(Crawled caption data)
--------------------
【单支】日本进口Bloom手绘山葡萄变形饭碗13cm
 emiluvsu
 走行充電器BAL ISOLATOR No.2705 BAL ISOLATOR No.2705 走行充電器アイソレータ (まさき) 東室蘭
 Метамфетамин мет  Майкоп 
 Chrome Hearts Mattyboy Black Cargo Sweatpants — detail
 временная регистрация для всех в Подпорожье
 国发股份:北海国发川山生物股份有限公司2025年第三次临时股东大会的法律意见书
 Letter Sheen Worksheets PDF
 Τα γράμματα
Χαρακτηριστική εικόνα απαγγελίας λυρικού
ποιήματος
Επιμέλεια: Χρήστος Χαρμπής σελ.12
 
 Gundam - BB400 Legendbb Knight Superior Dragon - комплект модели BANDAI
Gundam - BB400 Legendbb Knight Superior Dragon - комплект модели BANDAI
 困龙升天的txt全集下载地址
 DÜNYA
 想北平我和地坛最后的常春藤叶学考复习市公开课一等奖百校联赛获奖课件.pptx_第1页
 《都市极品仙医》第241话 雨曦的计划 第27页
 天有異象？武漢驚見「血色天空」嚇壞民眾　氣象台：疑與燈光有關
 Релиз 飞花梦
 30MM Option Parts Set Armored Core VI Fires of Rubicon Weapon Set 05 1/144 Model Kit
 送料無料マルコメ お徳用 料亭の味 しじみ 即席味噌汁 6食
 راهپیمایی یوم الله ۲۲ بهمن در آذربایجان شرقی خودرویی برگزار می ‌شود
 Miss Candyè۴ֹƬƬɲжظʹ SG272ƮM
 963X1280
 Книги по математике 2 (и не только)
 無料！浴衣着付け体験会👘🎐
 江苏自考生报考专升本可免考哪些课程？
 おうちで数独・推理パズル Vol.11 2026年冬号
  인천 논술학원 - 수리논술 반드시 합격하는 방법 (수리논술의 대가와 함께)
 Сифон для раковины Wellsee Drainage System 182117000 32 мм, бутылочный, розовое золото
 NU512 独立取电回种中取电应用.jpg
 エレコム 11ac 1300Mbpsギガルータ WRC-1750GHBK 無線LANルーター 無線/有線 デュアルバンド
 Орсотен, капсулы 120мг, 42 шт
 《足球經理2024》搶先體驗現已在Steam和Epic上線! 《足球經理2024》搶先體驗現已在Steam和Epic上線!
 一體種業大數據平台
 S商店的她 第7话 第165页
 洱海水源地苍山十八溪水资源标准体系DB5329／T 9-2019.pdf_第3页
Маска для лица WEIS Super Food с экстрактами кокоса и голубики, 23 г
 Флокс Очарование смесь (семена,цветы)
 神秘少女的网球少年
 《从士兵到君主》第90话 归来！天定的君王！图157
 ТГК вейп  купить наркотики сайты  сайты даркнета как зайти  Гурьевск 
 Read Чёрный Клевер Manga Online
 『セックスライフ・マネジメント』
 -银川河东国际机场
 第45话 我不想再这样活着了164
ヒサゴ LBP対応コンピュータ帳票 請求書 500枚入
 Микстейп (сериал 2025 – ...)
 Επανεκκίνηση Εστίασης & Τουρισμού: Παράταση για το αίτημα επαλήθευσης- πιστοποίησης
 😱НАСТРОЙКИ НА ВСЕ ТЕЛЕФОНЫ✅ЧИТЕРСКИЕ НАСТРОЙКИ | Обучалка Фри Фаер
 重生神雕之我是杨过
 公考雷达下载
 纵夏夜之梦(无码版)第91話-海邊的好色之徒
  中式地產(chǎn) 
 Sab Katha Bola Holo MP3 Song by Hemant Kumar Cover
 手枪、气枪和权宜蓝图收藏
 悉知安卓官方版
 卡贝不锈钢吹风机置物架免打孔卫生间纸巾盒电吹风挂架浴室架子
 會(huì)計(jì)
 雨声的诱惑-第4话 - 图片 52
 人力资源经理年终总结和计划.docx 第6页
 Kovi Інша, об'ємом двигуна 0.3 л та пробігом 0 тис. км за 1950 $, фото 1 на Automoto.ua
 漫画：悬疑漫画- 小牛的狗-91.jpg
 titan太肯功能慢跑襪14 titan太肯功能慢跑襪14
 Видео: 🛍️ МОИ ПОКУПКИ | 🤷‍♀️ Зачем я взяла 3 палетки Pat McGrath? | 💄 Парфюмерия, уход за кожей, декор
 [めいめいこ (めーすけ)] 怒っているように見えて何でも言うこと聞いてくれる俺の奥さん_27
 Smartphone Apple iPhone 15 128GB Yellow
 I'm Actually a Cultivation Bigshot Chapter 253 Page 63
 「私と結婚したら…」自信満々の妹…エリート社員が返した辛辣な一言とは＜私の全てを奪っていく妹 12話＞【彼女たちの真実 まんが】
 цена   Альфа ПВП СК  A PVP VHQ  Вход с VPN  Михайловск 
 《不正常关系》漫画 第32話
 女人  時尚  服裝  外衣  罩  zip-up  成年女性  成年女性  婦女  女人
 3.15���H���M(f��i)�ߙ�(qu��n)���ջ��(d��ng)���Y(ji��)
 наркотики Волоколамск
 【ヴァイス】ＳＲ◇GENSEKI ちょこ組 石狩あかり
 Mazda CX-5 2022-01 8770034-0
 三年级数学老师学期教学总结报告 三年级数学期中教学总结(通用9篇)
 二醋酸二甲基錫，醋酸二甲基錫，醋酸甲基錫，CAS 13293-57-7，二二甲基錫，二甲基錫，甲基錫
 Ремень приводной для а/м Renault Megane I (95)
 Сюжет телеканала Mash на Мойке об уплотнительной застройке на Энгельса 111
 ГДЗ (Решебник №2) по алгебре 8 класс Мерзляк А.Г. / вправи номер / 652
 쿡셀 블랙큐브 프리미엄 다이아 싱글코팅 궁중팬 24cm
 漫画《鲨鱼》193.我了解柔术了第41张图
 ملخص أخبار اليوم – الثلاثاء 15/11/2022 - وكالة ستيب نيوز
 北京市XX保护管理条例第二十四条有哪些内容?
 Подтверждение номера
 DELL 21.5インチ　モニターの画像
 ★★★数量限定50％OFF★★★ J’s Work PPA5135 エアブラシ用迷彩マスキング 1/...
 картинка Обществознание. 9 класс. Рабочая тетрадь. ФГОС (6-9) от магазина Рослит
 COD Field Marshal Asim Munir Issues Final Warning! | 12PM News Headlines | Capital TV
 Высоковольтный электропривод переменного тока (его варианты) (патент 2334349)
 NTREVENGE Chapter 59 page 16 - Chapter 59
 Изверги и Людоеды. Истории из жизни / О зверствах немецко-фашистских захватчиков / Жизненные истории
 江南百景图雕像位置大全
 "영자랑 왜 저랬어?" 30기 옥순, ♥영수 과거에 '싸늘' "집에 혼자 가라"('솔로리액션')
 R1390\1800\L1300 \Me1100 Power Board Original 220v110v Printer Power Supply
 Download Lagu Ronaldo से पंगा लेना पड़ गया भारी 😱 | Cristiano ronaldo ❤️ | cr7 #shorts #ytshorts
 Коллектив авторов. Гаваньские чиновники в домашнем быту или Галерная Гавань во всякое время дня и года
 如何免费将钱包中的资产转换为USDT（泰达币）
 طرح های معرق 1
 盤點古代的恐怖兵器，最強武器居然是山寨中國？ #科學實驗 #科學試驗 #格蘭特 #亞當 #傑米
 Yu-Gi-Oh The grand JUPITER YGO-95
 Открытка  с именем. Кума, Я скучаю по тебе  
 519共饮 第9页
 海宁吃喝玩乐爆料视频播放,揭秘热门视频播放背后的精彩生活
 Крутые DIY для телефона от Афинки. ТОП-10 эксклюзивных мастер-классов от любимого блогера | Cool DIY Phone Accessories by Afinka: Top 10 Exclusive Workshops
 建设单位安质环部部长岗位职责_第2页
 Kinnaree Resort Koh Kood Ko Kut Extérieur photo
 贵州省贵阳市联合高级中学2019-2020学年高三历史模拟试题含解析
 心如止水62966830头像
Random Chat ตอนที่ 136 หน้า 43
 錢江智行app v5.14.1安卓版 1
--------------------
### WHAT THIS TASK INVOLVES
Check each line of the entries above for the string "Gundam", and return those that contain it.

### RESULT OF THE EXERCISE
 Gundam - BB400 Legendbb Knight Superior Dragon - комплект модели BANDAI
Gundam - BB400 Legendbb Knight Superior Dragon - комплект модели BANDAI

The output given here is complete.